O Tribunal Superior Eleitoral (TSE) determinou a suspensão dos atos de campanha e do repasse de recursos dos fundos Eleitoral e Partidário destinados à candidatura de Deltan Dallagnol (Novo) ao Senado pelo Paraná. A medida é liminar e foi tomada pelo ministro Floriano de Azevedo Marques.

Marques pediu à presidência do TSE que agende o julgamento do caso no plenário, de forma virtual ou presencial, nos próximos dias. Em decisão preliminar, o ministro atendeu a um pedido da coligação Paraná Para Todos, liderada pelo PDT, e da Federação Brasil da Esperança, formada por PT, PCdoB e PSOL.

Fundamentos da decisão

Na decisão, o ministro afirmou que o TSE já havia reconhecido, por unanimidade em julgamento de 2022, que o pedido de exoneração de Dallagnol do cargo de procurador da República configurou suposta fraude à lei.

Segundo Marques, a exoneração teve o objetivo de impedir que 15 procedimentos administrativos em trâmite no Conselho Nacional do Ministério Público (CNMP) se transformassem em Processos Administrativos Disciplinares (PADs). “O proceder do candidato impediu que os 15 procedimentos administrativos em trâmite no CNMP em seu desfavor pudessem gerar processos administrativos disciplinares (PAD), aptos a ensejar a pena de aposentadoria compulsória ou de perda do cargo”, escreveu o ministro. Ele acrescentou que, na época da exoneração, não havia indicativo de decisão absolutória e que a expectativa era de aplicação de penalidades.

Reações e próximos passos

A equipe jurídica de Deltan Dallagnol informou que irá recorrer da decisão, afirmou que o caso tramitava sob sigilo e disse que o candidato não foi intimado para se manifestar antes da liminar.

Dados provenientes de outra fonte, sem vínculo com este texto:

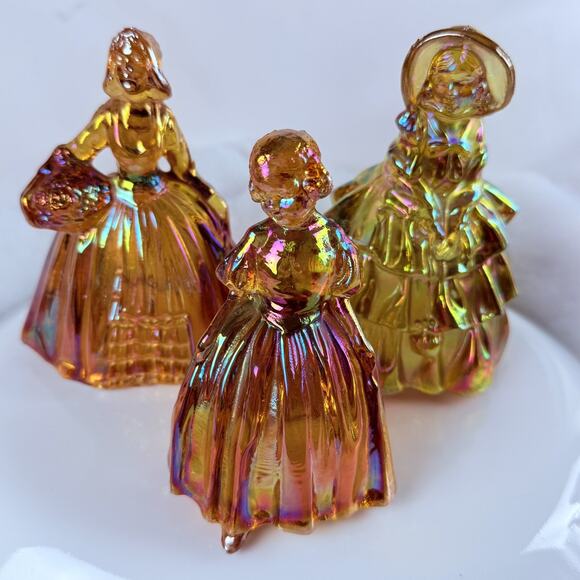 Vintage Wheaton Carnival Glass Ladies Figurines Southern Belle Girls Set Of 3 - Picture 1 of 16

A defesa também apontou supostos precedentes favoráveis junto ao TSE e afirmou que Marques teria proximidade com o ministro Alexandre de Moraes, do Supremo Tribunal Federal (STF). Segundo os advogados, a suspensão ocorreu na semana em que o candidato intensificou publicamente críticas ao STF e manifestou apoio a um pedido de impeachment contra Moraes.

O caso será agora analisado pelo plenário do TSE, composto por sete ministros.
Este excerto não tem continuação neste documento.